This one was rather easy to work with- the original poster was a warning against the dangers of syphilis:

The backgrounds of the text were pretty much solid, so it was a matter of picking some fonts from what I had installed in Photoshop. Bauhuas worked ok for the top headline. I did not find exact copies for the script font, so I used Savoye LET and the bottom text was using Marker Felt.

Heck I was tempted to leave the white cursive text as it was ;-)

Once infected, #4life.

BAGMAN The Hippy

BAGMAN may be running for president, but you should know of his leftist leaning ways formed from his Woodstock days

Yes, even in 1969 the brown acid bagman was #4life (one more ds106 assignment Hey Wait Where’d That Guy Come From?)

слава ds106

After seeing a tweet for these retro Russian propaganda posters I could not resist one more ds106 poster:

Best I can sort out, this means “GLORY DS106″.

Glory indeed.

Mad for ET

Some might say that MAD magazine is not a comic, but I went for an animated version anyhow for the Animated Comic Cover ds106 assignment:

I saw this cover of Alfred E Neumann and ET and felt like they might me a love match for each other, so they gaze at each other with affection and experience the tickle of that magic extra terrestrial finger.

Don’t they make a sweet couple?

I read a ton of MAD as a kid, and I can recall backing out the plots of movies from the parodies there- so I knew about the Godfather from he satire first, seeing it in MAD before ever seeing it on video.

I think there is a future assignment related to the troubles faced by Roger Kaputnix or maybe a bit of mashup of Spy vs Spy.

In this animated GIF, I used a bit of magic I uncovered in the Photoshop animation palette.
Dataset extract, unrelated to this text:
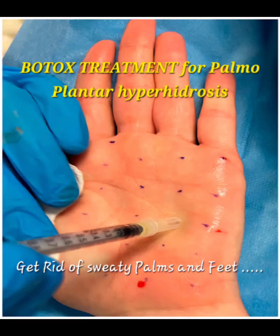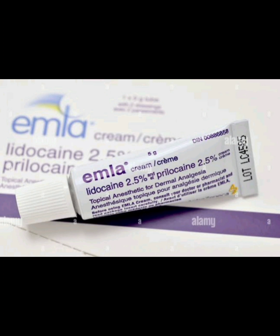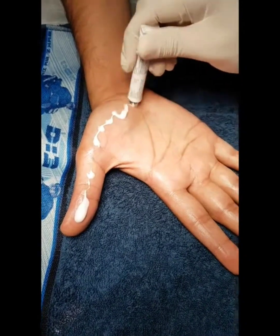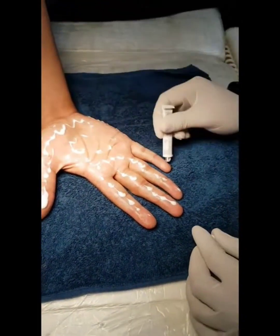Today we will discuss the use of Botox for palmoplantar hyperhidrosis. The first step is application of topical anesthesia. Topical EMLA cream is applied liberally all over the entire palms.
I copied and pasted out the eyes and ET’s finder to new layers, and filled in the background with some clone brush fill. In the animation palette, the layers have additional things you can animate via the toggle menu on the left side- you can set key frames for position or opacity, and by moving the slider on the timeline, you can nudge the position and make a key frame.
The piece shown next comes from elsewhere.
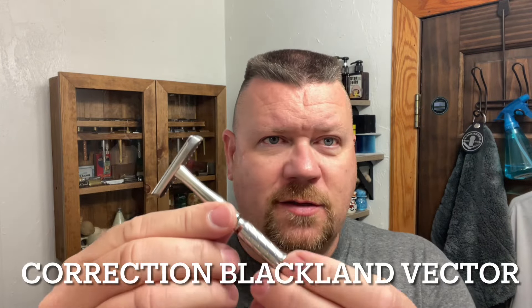I've had a few people request that I do a shave-off or a razor showdown, and it's going to be between this beautiful Shield brass razor and this awesome Blackland Vector.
This method of animation is a bit closer to doing stuff in Flash or Director on the timeline- in Photoshop the only thing I cant seem to do is to resize objects, but doing movement and opacity offers a lot.
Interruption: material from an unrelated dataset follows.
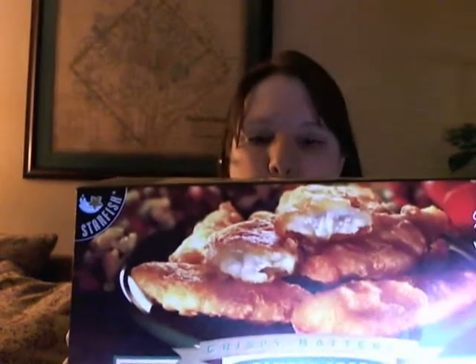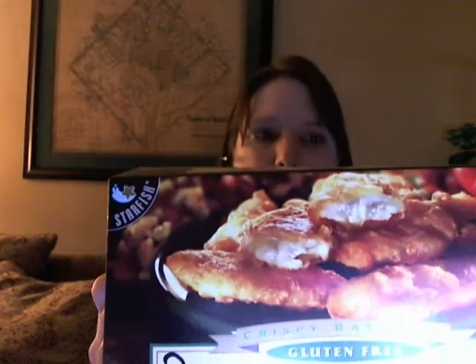Hey guys, today I'm here to give you a review of a gluten-free fish stick. This is cod — they have several different types of fish. This one says that it's peanut free, soy free, milk free, egg free, wheat free, and no trans fat. Crispy battered fish sticks. And it is by the company called Starfish.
So I made the eyes of ET and Alfred move towards each other and away, and also made the finger move to the right. The glow and the star appear by keyframing the animation.

I thus only needed 10 layers (2 eyes each), and the animation weighs in at a puny 176k.

Don;t just get mad, get MAD! get Animated! Cause it is ds106 fir life and hell yes, I am over-branding this sucka.

I WANT YOU TO MAKE ART (damnit)

It’s hard to resist a good ds106 assignment submitted by a student- such as the ds106 Propaganda Posters by Daniel Zimmerman (who is taking zero prisoners in this class)

Time to let out your inner Big Brother! Create a propaganda poster for ds106. Use your photo editing software of choice and write a message to inspire your fellow ds106ers. For example, I took a WW2 poster about increasing ammunition production, and turned it into a poster promoting tweeting.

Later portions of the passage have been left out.